INSTRUCTIONS TO FOLLOW: Transcribe the entries below exactly, starting with the line that has "2020 Handmade Token" and stopping after the line that has "UPXNBOR E27 Smartlamp"; no pictures belong in the copy.

DATA FOR THIS TASK:

********

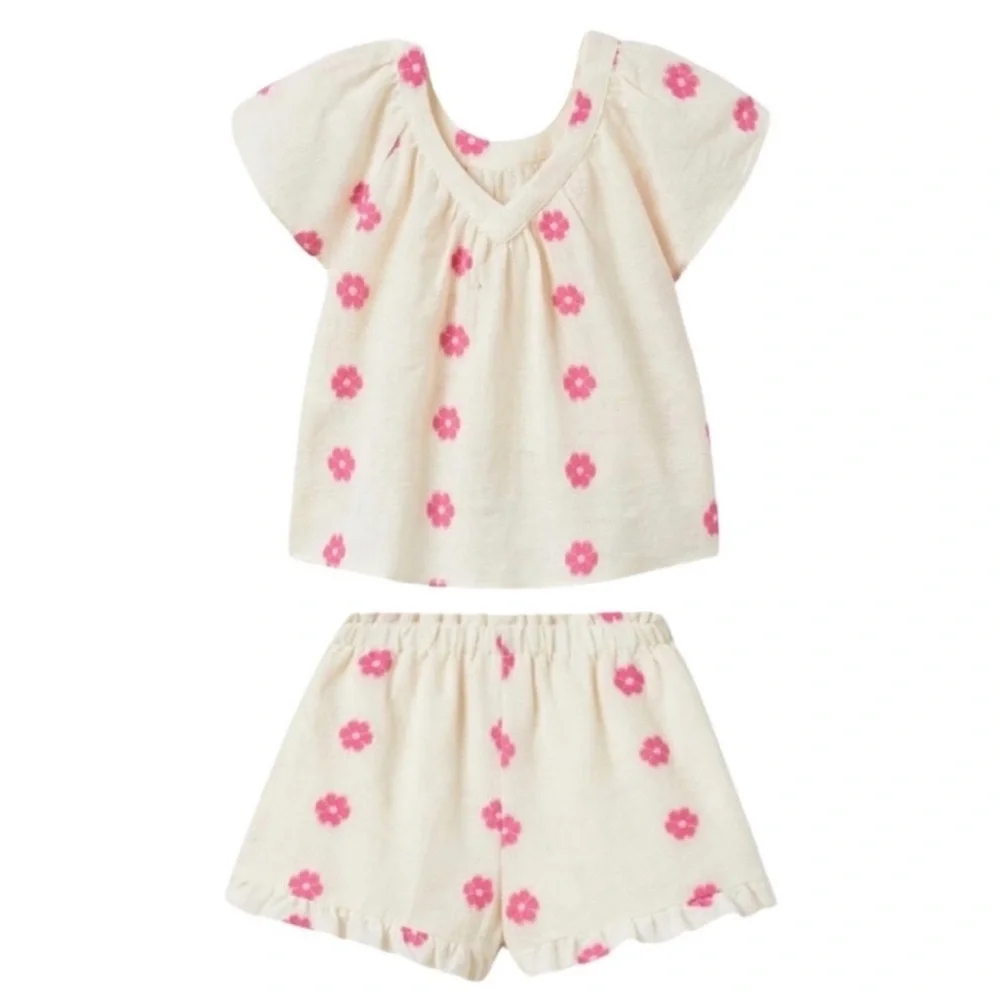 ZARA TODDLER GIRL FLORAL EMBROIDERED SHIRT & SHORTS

********

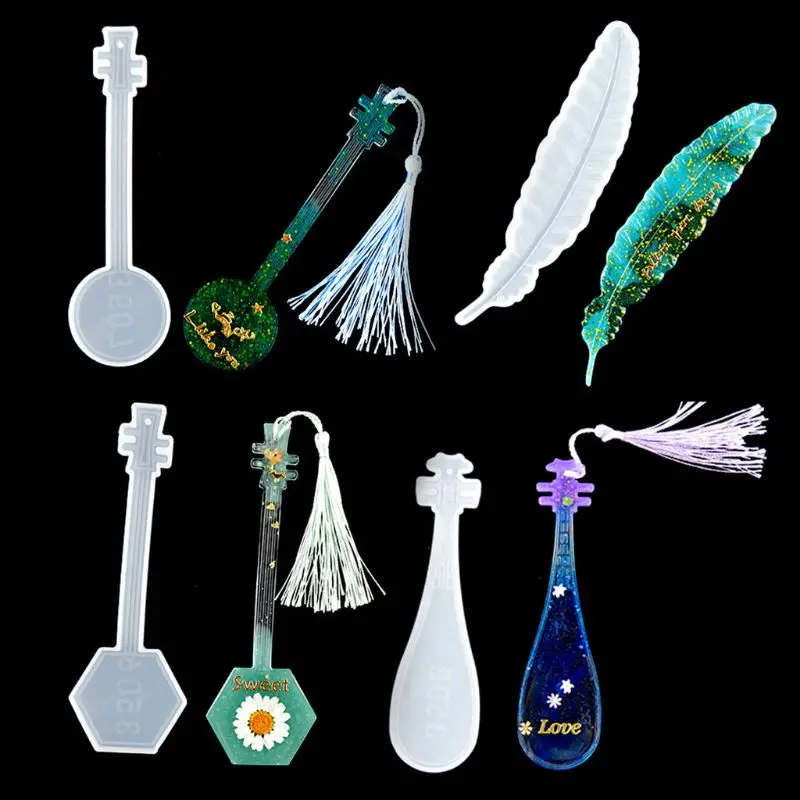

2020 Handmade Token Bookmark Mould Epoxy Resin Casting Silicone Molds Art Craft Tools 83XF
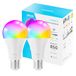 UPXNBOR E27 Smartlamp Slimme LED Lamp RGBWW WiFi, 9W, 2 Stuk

********

RESULT FOR THIS EXERCISE:
2020 Handmade Token Bookmark Mould Epoxy Resin Casting Silicone Molds Art Craft Tools 83XF
 UPXNBOR E27 Smartlamp Slimme LED Lamp RGBWW WiFi, 9W, 2 Stuk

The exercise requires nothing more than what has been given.